The Original Sin of Intelligence: Why Neither Humans Nor AI Can Ever Be Truly Deterministic

Introduction

If you ask a calculator what 1 + 1 is, it will tell you 2. If you ask it a million times, it will tell you 2 a million times. We expect computers to be logic engines — perfect, repeatable, and deterministic.

When we build Large Language Models (LLMs), we assume they follow the same rules. If we set the "Temperature" to 0 (telling the model to always pick the most likely next word), we expect the exact same essay every time we run the prompt.

But if you have worked with LLMs in production, you know the dirty secret: They don't.

Even with the randomness turned off, LLMs often give different answers to the same question depending on when you ask them. Why? The answer lies deep in the "physics" of computer chips, and it offers a fascinating mirror to the "physics" of the human mind.

The Butterfly Effect in the GPU

To understand why AI changes its mind, we have to look at the atomic unit of AI labor: The Kernel.

A "Kernel" is a small, highly optimized program running on a GPU (Graphics Processing Unit) that performs a specific mathematical task, like multiplying matrices. (I am sure that readers are mostly with CS background. I know Kernel is not just at GPU's.)

In a recent deep-dive, Horace He and the Thinking Machines Lab uncovered the root cause of AI non-determinism. It isn't a ghost in the machine; it's a conflict between math and speed.

The "Chef" Analogy

Imagine a chef (the Kernel) making a soup.

Scenario A: He is cooking for just one customer. He chops carrots, then onions, then celery, and throws them in the pot.

Scenario B: He is cooking for 100 customers at once (a "Batch"). To be faster, he changes his strategy. He chops 100 carrots all at once, then 100 onions.

The ingredients are the same. The amounts are the same. But the order in which they were added to the pot changed.

In the world of pure mathematics, A + B + C is exactly the same as A + (B + C). But in the physical world of GPU silicon, this isn't true. Computers use Floating Point Arithmetic, which has limited precision. Tiny rounding errors occur depending on the order in which you add numbers.

(0.1 + 0.2) + 0.3 ≠ 0.1 + (0.2 + 0.3)

This is the "Original Sin" of digital intelligence. When an LLM server is busy (high batch size), the Kernels switch strategies to be more efficient. This changes the order of addition, which introduces a microscopic rounding error.

That error ripples through the billions of parameters in the model. Eventually, it flips a 49.9% probability token to a 50.1% probability token. The model chooses a different word. Once that word changes, the context for the next word changes, and suddenly, the whole essay is different.

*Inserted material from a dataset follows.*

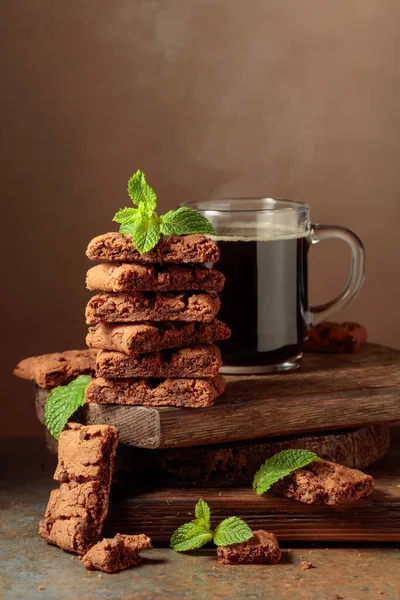 Pieces Fresh Brownie Mint Cup Black Coffee Rustic Brown Background — Stock Photo, Image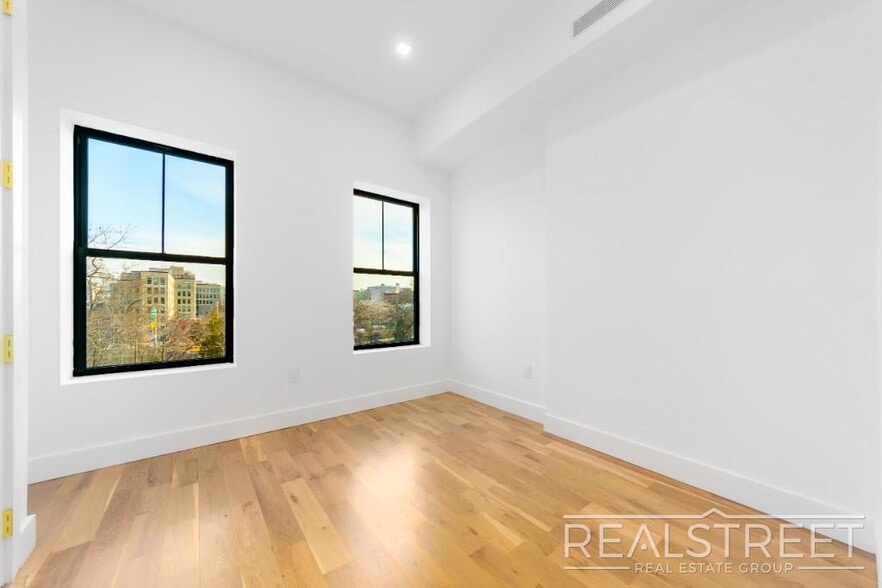 Building Photo - Stunning Penthouse 3 bed 3 Bath with Private Roof & WD in unit and more!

The Verdict: LLM non-determinism is an engineering artifact. It can be fixed (by forcing the Kernel to calculate the exact same way regardless of batch size), but usually, we don't fix it because we prefer speed over perfect repetition.

The Human Kernel: Solvable vs Fundamental Noise

If the most precise logic machines we have ever built (GPUs) suffer from "noise" due to their physical substrate, what does that imply for the human brain?

We are, after all, neural networks running on hardware. But our hardware isn't made of silicon; it's made of wet biology.

If we define the "Biological Kernel" as the moment a synapse fires or an ion channel opens, we see a striking parallel.

The AI Kernel suffers from Floating Point Noise. It is "deterministic chaos" — if we could control every electron and every scheduler perfectly, we could predict the outcome.
The Human Kernel suffers from Quantum and Thermal Noise.

Biological neurons operate at a scale where Brownian motion (thermal noise) and quantum indeterminacy matter. Whether a neurotransmitter vesicle releases or not isn't just a matter of complex inputs; it is subject to the fundamental randomness of the universe.

Conclusion: Embracing the Noise

We spend a lot of energy trying to "defeat" non-determinism in LLMs. We want them to be reliable tools. As the Thinking Machines research shows, we can achieve this by enforcing "Batch Invariance" — making the machine behave identically no matter how busy the server is.

Human non-determinism exists by default. Humans, because of atomical level non-determinism, will not be defined like DFA (Deterministic Finite Automata) but with NDFA's (Non-Deterministic Finite Automata).

This paper is pregnant to become a strong possible defense for liberal free will defenders. Also it supports my theological thesis I discussed at my independent theology paper.

References

[1] He, Horace and Thinking Machines Lab, "Defeating Nondeterminism in LLM Inference", Thinking Machines Lab: Connectionism, Sep 2025.

[2] Umay ŞAMLI, "A proposal Theory for Independent Theology", December 2025.